### DIRECTIONS FOR THIS TASK
From the listing below, retype exactly the line holding "Terrenos Guimarães - Fotos", the line holding "louise4change's tweet photo.", and the lines between them; skip everything else.
BEGIN SUPPLIED ENTRIES
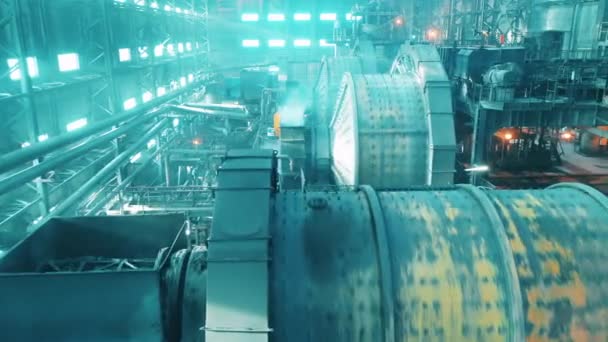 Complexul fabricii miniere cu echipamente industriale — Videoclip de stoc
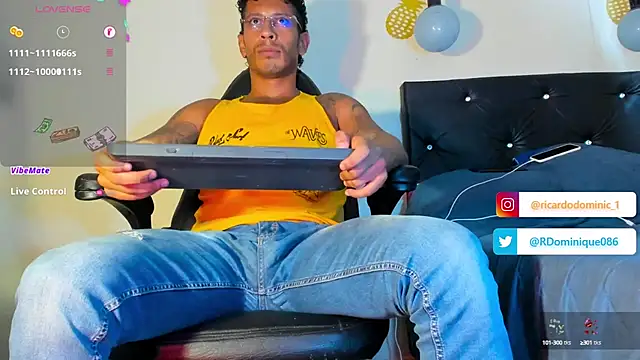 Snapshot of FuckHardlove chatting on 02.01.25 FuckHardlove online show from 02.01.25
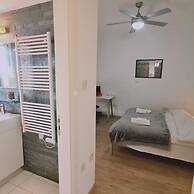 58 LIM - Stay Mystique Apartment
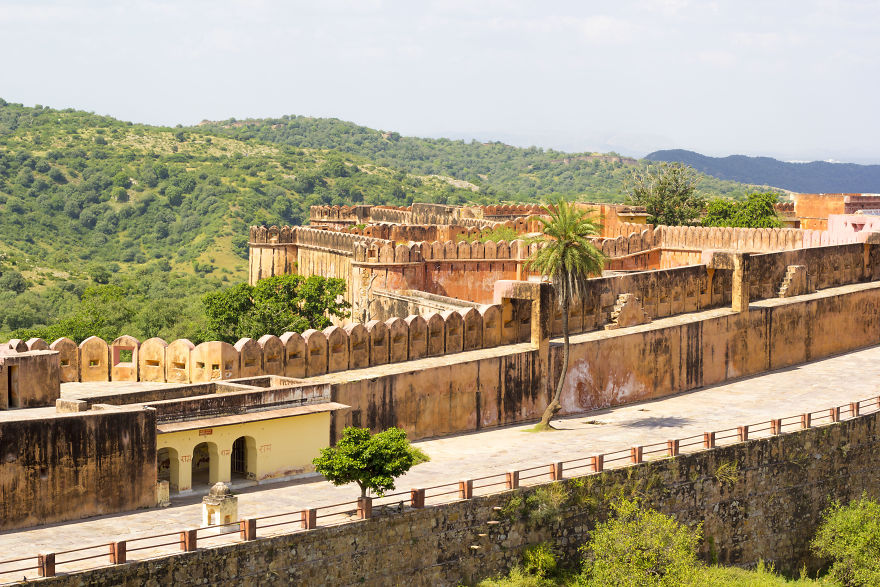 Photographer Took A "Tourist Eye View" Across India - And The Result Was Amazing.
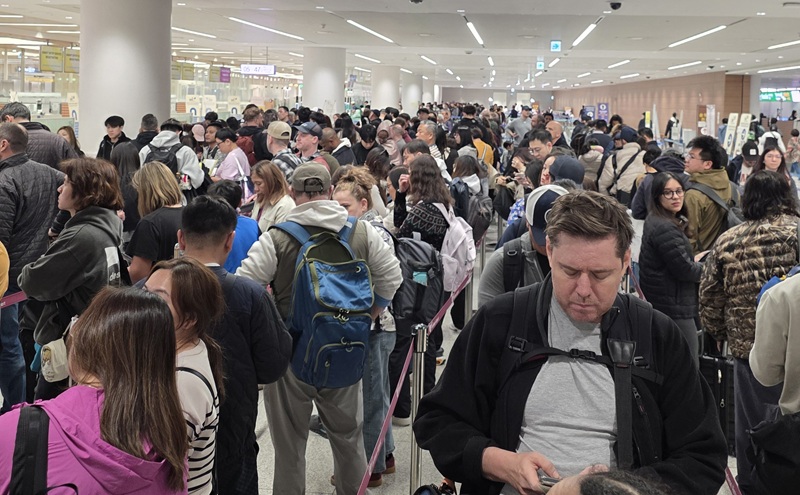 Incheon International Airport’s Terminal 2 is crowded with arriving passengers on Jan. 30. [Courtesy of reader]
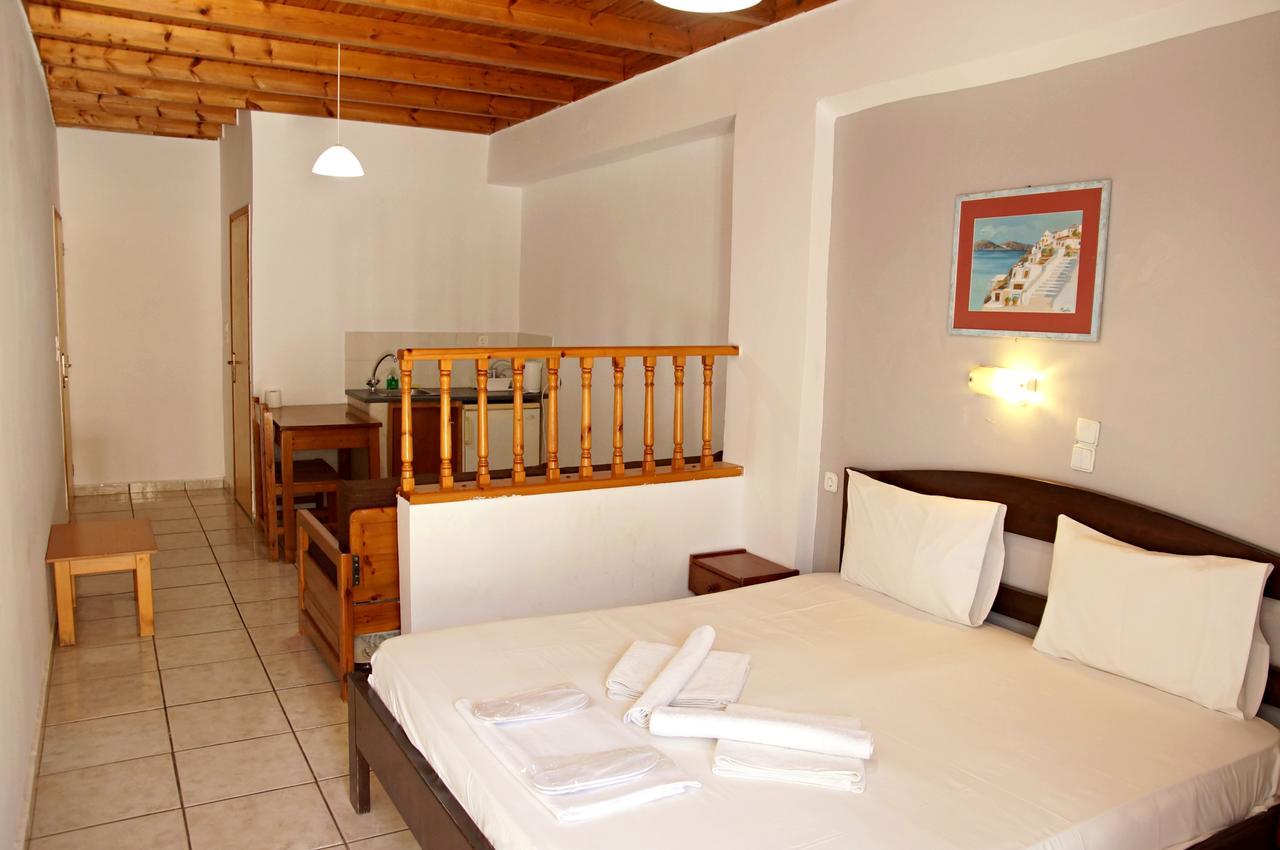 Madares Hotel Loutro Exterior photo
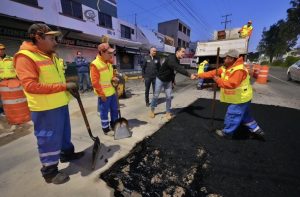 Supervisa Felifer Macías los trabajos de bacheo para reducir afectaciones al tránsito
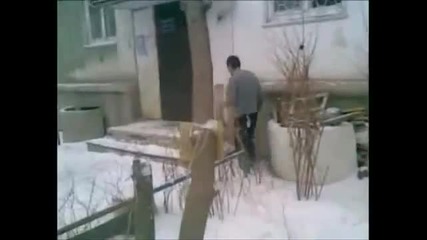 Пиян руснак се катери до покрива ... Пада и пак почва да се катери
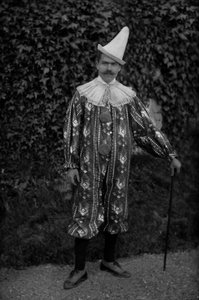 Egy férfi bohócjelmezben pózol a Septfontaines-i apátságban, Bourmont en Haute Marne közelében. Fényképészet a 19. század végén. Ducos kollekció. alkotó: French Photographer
END SUPPLIED ENTRIES
BEGIN SUPPLIED ENTRIES
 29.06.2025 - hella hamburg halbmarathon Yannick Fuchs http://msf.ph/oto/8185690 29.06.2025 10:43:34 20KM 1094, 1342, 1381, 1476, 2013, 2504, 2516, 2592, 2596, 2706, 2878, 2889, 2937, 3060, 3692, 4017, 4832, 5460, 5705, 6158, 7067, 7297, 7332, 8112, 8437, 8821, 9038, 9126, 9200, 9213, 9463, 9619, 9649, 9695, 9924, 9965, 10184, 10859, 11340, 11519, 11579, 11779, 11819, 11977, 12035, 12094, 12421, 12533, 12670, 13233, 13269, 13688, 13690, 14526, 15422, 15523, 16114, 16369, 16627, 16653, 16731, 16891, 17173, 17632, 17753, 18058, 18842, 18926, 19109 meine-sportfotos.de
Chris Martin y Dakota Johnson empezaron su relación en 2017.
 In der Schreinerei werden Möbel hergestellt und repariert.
END SUPPLIED ENTRIES
BEGIN SUPPLIED ENTRIES
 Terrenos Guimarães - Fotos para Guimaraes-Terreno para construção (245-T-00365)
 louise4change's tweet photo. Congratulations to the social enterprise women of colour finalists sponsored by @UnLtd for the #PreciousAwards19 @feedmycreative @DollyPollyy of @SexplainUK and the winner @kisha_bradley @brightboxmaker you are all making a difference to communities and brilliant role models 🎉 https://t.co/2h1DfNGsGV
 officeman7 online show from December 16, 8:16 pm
END SUPPLIED ENTRIES
### TASK RESULT
 Terrenos Guimarães - Fotos para Guimaraes-Terreno para construção (245-T-00365)
 louise4change's tweet photo. Congratulations to the social enterprise women of colour finalists sponsored by @UnLtd for the #PreciousAwards19 @feedmycreative @DollyPollyy of @SexplainUK and the winner @kisha_bradley @brightboxmaker you are all making a difference to communities and brilliant role models 🎉 https://t.co/2h1DfNGsGV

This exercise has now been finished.